29. A method comprising contacting a cell with the nucleic acid of claim 12.
30. (canceled)
31. (canceled)
32. The method of claim 29, further comprising contacting the cell with a target dsDNA, wherein the target dsDNA comprises a corresponding DNA nickase initiation sequence operably linked upstream of a target DNA sequence, and optionally, a DNA nickase termination sequence operably linked downstream of the target DNA sequence.

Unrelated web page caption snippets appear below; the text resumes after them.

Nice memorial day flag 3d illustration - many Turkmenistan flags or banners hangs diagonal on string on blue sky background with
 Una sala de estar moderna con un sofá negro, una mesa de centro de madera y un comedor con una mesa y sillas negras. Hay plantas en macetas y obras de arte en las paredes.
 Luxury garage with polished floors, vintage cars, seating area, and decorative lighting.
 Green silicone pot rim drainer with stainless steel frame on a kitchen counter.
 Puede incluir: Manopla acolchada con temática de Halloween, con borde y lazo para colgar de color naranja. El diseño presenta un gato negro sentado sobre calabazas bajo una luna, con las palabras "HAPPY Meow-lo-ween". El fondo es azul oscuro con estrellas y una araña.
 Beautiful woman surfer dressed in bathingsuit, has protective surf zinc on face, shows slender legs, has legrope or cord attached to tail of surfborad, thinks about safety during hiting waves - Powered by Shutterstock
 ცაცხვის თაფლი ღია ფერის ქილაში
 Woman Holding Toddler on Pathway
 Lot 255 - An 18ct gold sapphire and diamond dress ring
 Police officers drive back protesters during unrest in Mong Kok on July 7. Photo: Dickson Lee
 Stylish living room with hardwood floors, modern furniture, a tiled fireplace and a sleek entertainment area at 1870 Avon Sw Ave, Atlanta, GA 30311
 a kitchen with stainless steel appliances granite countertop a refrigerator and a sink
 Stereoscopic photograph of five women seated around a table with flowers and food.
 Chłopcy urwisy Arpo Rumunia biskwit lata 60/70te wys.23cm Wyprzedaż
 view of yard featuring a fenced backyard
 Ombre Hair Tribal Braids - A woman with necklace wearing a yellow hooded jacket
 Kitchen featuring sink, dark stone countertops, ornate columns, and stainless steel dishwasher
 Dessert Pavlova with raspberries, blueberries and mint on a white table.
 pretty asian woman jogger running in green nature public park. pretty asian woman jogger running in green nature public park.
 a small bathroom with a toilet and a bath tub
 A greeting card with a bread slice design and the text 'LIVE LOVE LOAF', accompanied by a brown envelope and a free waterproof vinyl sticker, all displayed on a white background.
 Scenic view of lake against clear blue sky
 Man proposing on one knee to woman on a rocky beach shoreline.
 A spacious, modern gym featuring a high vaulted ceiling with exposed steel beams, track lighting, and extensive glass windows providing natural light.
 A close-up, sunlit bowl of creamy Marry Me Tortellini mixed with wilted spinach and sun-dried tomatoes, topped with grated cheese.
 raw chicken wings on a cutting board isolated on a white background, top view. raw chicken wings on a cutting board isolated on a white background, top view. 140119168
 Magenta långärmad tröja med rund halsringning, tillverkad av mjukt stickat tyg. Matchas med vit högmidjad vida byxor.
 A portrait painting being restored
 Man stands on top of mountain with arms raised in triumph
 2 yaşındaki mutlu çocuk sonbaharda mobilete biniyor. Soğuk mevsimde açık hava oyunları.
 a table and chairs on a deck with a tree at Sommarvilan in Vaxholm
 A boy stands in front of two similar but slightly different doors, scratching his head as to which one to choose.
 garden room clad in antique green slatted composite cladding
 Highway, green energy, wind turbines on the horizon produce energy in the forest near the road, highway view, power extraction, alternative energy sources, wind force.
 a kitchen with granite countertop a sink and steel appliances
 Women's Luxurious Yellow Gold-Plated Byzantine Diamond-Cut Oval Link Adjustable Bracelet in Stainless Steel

33. A method of mutagenizing a target DNA sequence comprising introducing the target DNA sequence into a target dsDNA downstream of a DNA nickase initiation sequence, and assembling a DNA replisome complex as described in claim 17.
34. (canceled)
35. A method of mutagenizing a target DNA sequence in a cell comprising contacting the target DNA sequence with a recombinant polypeptide as described in claim 1, wherein the target DNA sequence is operably linked downstream of a DNA nickase initiation sequence; and wherein the cell expresses a corresponding DNA nickase; under conditions suitable for the DNA nickase to nick the initiation sequence and for the recombinant polypeptide to mutagenize the target DNA sequence.
36. (canceled)
37. (canceled)
38. (canceled)
39. A method of mutagenizing a target DNA sequence comprising contacting a host cell that expresses a DNA nickase with: 1) a target vector comprising a corresponding DNA nickase initiation sequence operably linked to the target DNA sequence; and 2) a helper vector as described in claim 16; under conditions suitable for the vectors to enter the host cell; for the DNA nickase to nick the initiation sequence; and for the recombinant polypeptide to mutagenize the target DNA sequence.
40. A T5 DNA polymerase comprising a I308V mutation, wherein the substitution and position are in reference to SEQ ID NO:1.
41. (canceled)
42. The T5 DNA polymerase according to claim 40, where in the T5 DNA polymerase comprises an amino acid sequence having at least about 80% sequence identity to SEQ ID NO:3, or 4.